Frankly, I don’t see this as a First Amendment issue. I see this as equivalent to a government regulation on a product/service, the First Amendment only really comes in in Apple publicly protesting this regulation. That is, it seems to me that the FBI is requiring that Apple modify their product, or create an alternate product, that has some security vulnerabilities. Apple is protesting this regulation based on security grounds. Apple, or any corporation, reasonably should be able to take some new regulation, requirement, tax, etc. to court and challenge it. Does that really technically count as free speech? Maybe I don’t have a thorough enough understanding of the law, but that wouldn’t seem to me as such.
When I think of corporate free speech as it relates to Citizens United, I would liken that more to Apple spending money to lobby congress to modify laws to establish or remove various regulations, requirements, taxes, etc., not simply challenging them in court.
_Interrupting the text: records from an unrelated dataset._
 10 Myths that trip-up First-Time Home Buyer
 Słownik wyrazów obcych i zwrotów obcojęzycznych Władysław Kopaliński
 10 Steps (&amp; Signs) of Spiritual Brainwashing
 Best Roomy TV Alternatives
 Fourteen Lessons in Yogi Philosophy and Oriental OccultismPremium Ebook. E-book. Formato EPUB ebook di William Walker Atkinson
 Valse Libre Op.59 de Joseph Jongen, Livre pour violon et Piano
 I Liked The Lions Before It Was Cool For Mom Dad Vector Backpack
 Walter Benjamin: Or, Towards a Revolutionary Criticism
And if challenging in court DOES count as speech, for those who are against the Citizens United ruling but ARE in favor of Apple’s stance here, with both counting as speech, how would one suggest we disallow corporations from spending money for political causes but allow them to have a principled stance such as Apple’s and challenge such in court?
And while I understand people’s frustrations with Citizens United, I agree with the legal reasoning behind the decision, so I don’t personally have a contradiction between these views.